Recently, the Structural Thermodynamics and Micro/Nano Chemical Engineering Team at Guangxi University reported new advances in biomass-based separation membrane materials. The research, entitled “Overcoming the trade-off in reverse osmosis membranes through homologous matching,” was published in the internationally renowned journal Nature Communications.

The co-first authors are Shao Xinyu, a 2022 master’s student from the School of Resources, Environment and Materials, and Lü Shiyu, a 2022 doctoral student from the School of Chemistry and Chemical Engineering. The corresponding authors are Professor Zhao Shuangliang (School of Chemistry and Chemical Engineering), and Associate Professors Cheng Fangchao and Hu Dongying (School of Resources, Environment and Materials). Guangxi University is the first and sole corresponding institution of the paper.

Amid the global freshwater crisis, developing high-performance separation membranes from biomass resources represents a key pathway toward both the high-value utilization of biomass and the sustainable advancement of membrane separation technologies.

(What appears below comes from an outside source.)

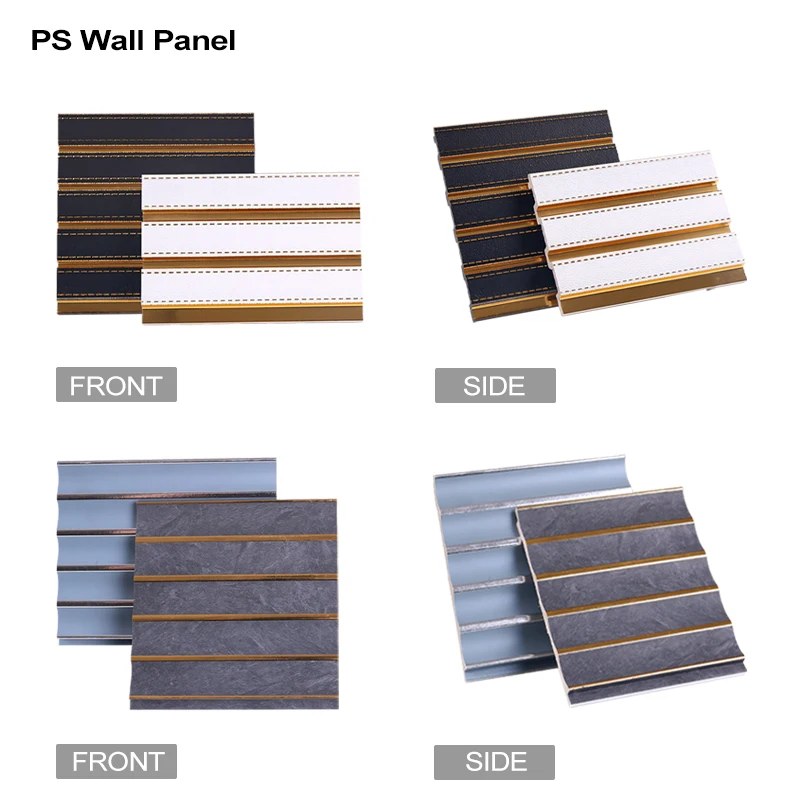 Hot selling PS wall panels ceiling shaped grille panels waterproof PVC TV sofas background walls shower decorative panels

As an important biomass-derived material, cellulose triacetate has demonstrated significant potential in reverse osmosis desalination. However, like most membrane materials, it suffers from a fundamental scientific challenge: the intrinsic trade-off between permeability and selectivity. This “see-saw” relationship has long constrained the high-quality development and broader application of biomass-based membrane technologies.

To overcome this bottleneck, the research team focused on cellulose triacetate membranes and introduced biomass-derived carbon nanomaterials as a key design element. They proposed an original interfacial polymerization regulation strategy termed “homologous matching.” The core innovation lies in synthesizing carbon quantum dots (CQDs) via a simple hydrothermal method, using precursors structurally homologous to m-phenylenediamine (MPD), and incorporating them into the interfacial polymerization process between cellulose triacetate and polyamide.

Leveraging the structural similarity and molecular interactions between the carbon quantum dots and MPD monomers, the team achieved precise guidance and optimization of the interfacial polymerization process. This enabled fine regulation of the crosslinking density and microstructure of the polyamide layer.

The study demonstrates that the homologous matching mechanism facilitates monomer diffusion and optimizes reaction kinetics, guiding the formation of a thinner, denser, and more hydrophilic selective layer. As a result, both water flux and salt rejection of the reverse osmosis membrane are simultaneously enhanced, effectively overcoming the long-standing trade-off between permeability and selectivity in conventional membrane materials.

In addition, the hydrogen-bonding network established between the carbon quantum dots and m-phenylenediamine significantly improves the membrane’s chlorine resistance, addressing the common drawback of reduced stability often associated with traditional modification strategies. Molecular simulations further reveal that the carbon quantum dots enable efficient separation by promoting water-cluster transport while simultaneously impeding ion permeation.

This work successfully breaks the trade-off bottleneck of cellulose-based reverse osmosis membranes and highlights the critical role of “homologous structural matching” in nano–polymer interfacial engineering. The findings establish a generalizable new principle for the structural design and performance enhancement of high-performance, green materials derived from biomass. The strategy is expected to promote the high-value utilization of biomass resources and accelerate the development of sustainable membrane technologies toward greater efficiency, stability, and environmental compatibility.

This research was supported by the Guangxi Science and Technology Innovation Platform Program, the Guangxi Major Science and Technology Special Program, the National Natural Science Foundation of China, and the Guangxi University Natural Science and Technology Innovation Development Doubling Plan.